"Change the potentials!" - Interview with Keller Easterling

You were awarded the prestigious Schelling prize for theory in 2018, but describe yourself as an architect, and have designed buildings for Ai WeiWei/Herzog de Meuron’s “village” in Mongolia and have also staged theatre plays. Is theory and practice basically the same field of work for you?

For me, it’s the same. The theory I have been working on is changing habits of mind about design to confront intractable contemporary political and environmental problems. So everything is related to design. That is not always the case in architectural theory. Theorists are often keepers of knowledge, keepers of networks of thoughts.
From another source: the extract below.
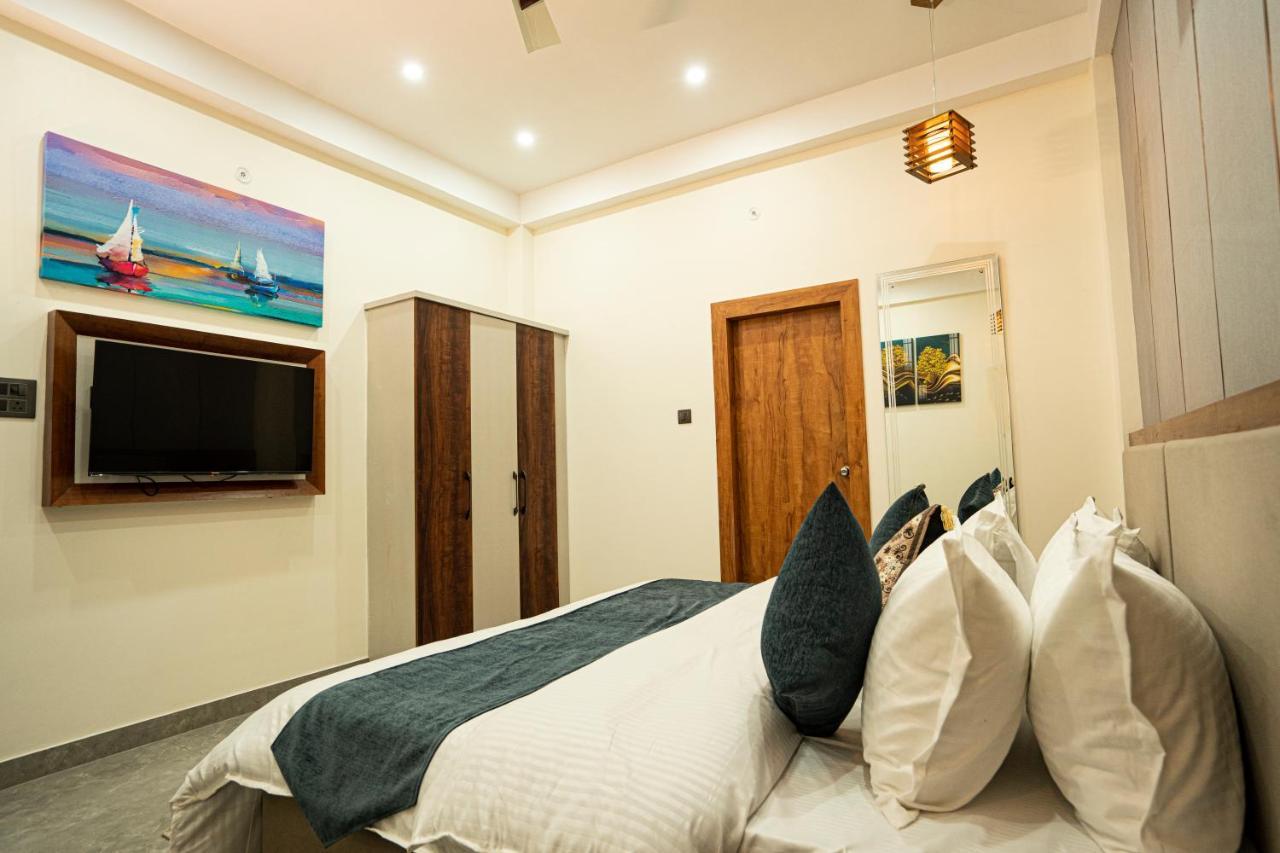 Barefoot Homestays 람나가르 외부 사진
And I’m responsible for that, too. But for me it’s crucial that speculation impacts design.

Is there also a historical dimension to your research, or are you focusing on diagnostics of the present?

I have investigated historical parallels, and history is crucial. But I also decided to develop a methodology for looking at contemporary architectural evidence of architecture. There is no comfortable archive to visit. You are often grazing over global news wires, or eavesdropping on the promotional materials that global powers present. The world makes space by the 1,000s of acres a day—in a firehose blast. I wanted to ask the question: If it is space, and if it is making some of the most radical changes to the globalizing world, there is a chance we designers know something about it—maybe even more about this than McKinsey consultant or Deloitte consultant who is given authority to make global decisions. So I have been asking how we can put between our hands the space that is considered to be out of our hands.

Speaking of this evidence: Some of the thoughts you elaborate come from watching promotional videos about urban developments in Arabia and East Asia – so called special economic zones. You describe them as Free Zones. Could you elaborate on that? What information did you gather from these films?

Every country is trying to attract foreign investment, and these promotional videos are all the same. There is always a drop down through clouds from the atmosphere to identify what is supposed to be the new centre of the Earth. Cartoon skylines, sun flares, identical villas and golf courses, thundering music in the background. That is part of what has become a cultural habit for building and promoting this urban epidemic of free zones.

So these zones are by definition extra-territorial gated communities? Or do they begin to infiltrate the city itself?

The countries enter this bargain because of jobs. It is hard to deny this possibility for a city or country that has 30-40% unemployment. So their hands are tied: either they provide an environment these corporations are accustomed to in every other country, or they lose out. Often the premium infrastructure is crumbling, and they build a shiny new one in the zones, while urban designers would suggest investing in the existing infrastructure. They offer no taxes, streamlined customs, cheap labor and deregulated labor and environmental laws.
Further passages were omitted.